Florence has over a thousand tabernacles, more than any other city in Europe. Of course, locating them all is a daunting task. To get you started, we have put together this (very) short list of major tabernacles in Florence’s historic center. If organized tours are not your thing, meander through the streets and look up: you are bound to find an interesting street shrine to admire.

 

 

Orsanmichele/Tabernacolo di Santa Maria della Tromba

 

Florence’s most important (and expensive!) tabernacle can be found inside Orsanmichele.

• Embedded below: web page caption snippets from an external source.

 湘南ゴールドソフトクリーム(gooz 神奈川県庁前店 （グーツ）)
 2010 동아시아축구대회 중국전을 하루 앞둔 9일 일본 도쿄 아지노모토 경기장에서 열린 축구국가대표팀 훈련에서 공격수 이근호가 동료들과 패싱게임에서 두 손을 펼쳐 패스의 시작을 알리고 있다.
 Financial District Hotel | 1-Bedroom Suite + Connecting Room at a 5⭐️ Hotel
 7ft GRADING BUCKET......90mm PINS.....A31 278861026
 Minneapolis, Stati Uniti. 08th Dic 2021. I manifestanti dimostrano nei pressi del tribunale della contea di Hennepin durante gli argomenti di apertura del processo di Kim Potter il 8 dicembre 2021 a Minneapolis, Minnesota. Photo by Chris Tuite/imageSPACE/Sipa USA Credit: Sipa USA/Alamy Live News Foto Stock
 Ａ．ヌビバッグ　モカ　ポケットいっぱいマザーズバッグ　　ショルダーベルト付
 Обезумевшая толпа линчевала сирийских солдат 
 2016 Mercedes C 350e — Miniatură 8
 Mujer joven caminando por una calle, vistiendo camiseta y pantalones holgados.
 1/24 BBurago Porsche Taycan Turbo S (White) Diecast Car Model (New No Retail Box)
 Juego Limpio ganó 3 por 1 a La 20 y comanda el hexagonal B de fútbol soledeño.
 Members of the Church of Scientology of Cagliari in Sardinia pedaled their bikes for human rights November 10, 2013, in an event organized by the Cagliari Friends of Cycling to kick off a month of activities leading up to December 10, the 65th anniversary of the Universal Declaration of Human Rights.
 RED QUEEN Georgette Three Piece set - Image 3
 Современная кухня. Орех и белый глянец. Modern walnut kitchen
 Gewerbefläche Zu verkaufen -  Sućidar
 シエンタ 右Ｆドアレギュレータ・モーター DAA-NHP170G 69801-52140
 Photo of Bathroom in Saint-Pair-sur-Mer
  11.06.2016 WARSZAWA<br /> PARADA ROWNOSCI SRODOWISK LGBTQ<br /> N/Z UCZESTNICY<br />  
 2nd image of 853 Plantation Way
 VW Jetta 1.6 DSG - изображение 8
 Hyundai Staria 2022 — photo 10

The elaborate marble structure by Andrea Orcagna (1350s) that houses an image of the Madonna has been described as ‘the most perfect work of its kind in Italian Gothic.’ The Madonna was painted by Bernardo Daddi (commissioned in 1346) after the original, which is said to have performed miracles, burned in a fire. The earlier painting was previously located outside the church and was later promoted to the interior of Orsanmichele, which was renovated for the occasion.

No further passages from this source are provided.